:: WHAT TO WORK ON ::
Only the lines below from the one containing "Chácara em irerê 5000m - Foto 3" through the last line should be set down, exactly as written and with no pictures.

Items from a data source:
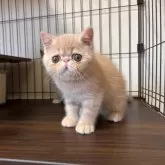 エキゾチックショートヘア【高知県・男の子・2024年8月3日・クリームタビー】の写真2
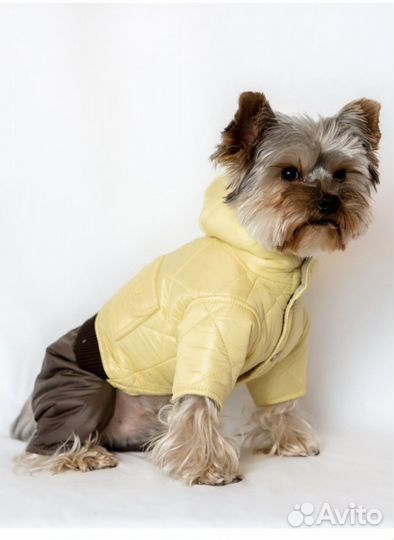 Комбинезон для собак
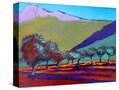 Stretched Canvas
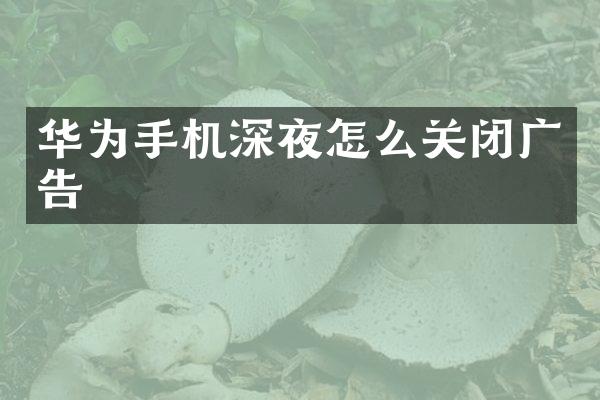 华为手机深夜怎么关闭广告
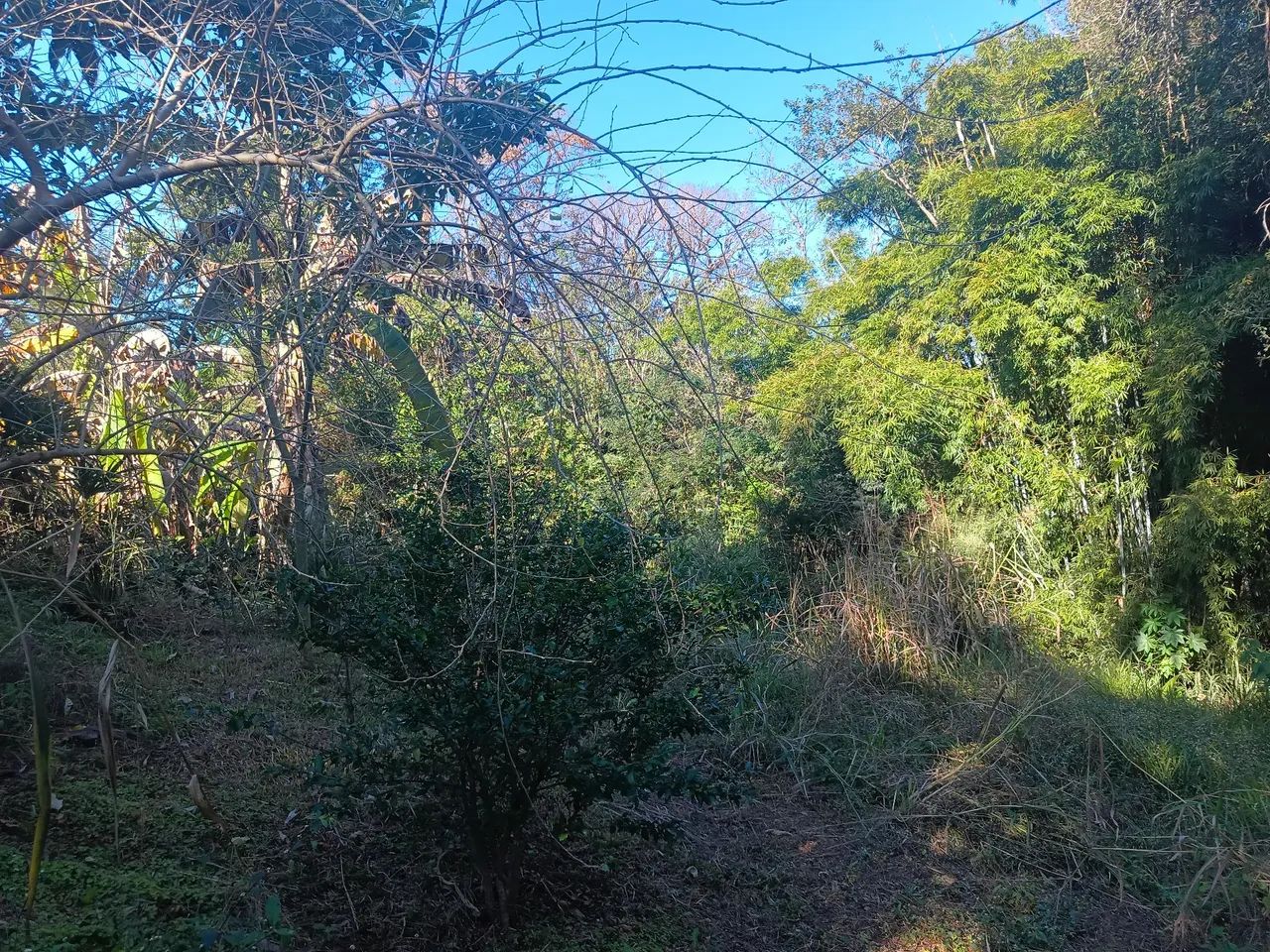 Chácara em irerê 5000m - Foto 3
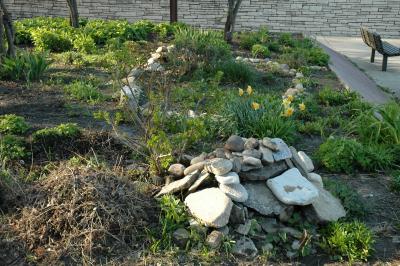 garden in late afternoon light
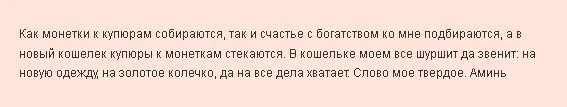 Заговор на новый кошелек. Заговоры денежные на новый кошелек. Заговор на новый кошелек чтобы деньги водились. Приворот на деньги в кошельке.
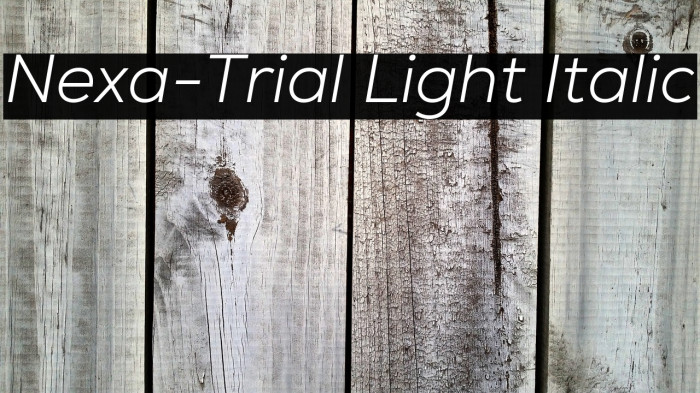 Nexa-Trial Light Italic Example 1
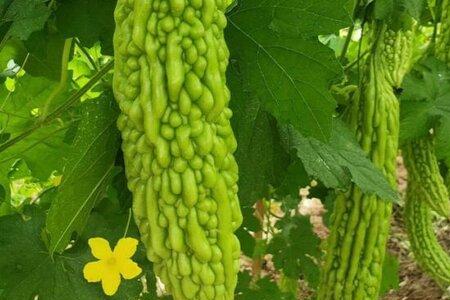 哪个蔬菜的瓜子大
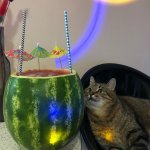 Stepan cat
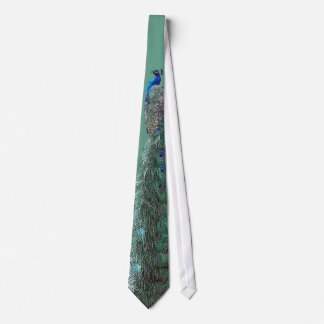 Cravate aux oiseaux de Peacock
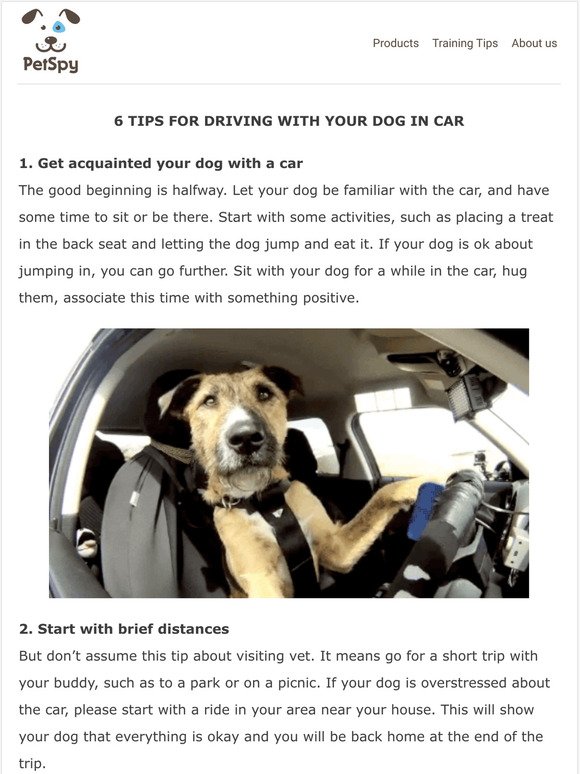 6 tips for driving with your dog in a car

:: EXERCISE OUTPUT ::
 Chácara em irerê 5000m - Foto 3
 garden in late afternoon light
 Заговор на новый кошелек. Заговоры денежные на новый кошелек. Заговор на новый кошелек чтобы деньги водились. Приворот на деньги в кошельке.
 Nexa-Trial Light Italic Example 1
 哪个蔬菜的瓜子大
 Stepan cat
 Cravate aux oiseaux de Peacock
 6 tips for driving with your dog in a car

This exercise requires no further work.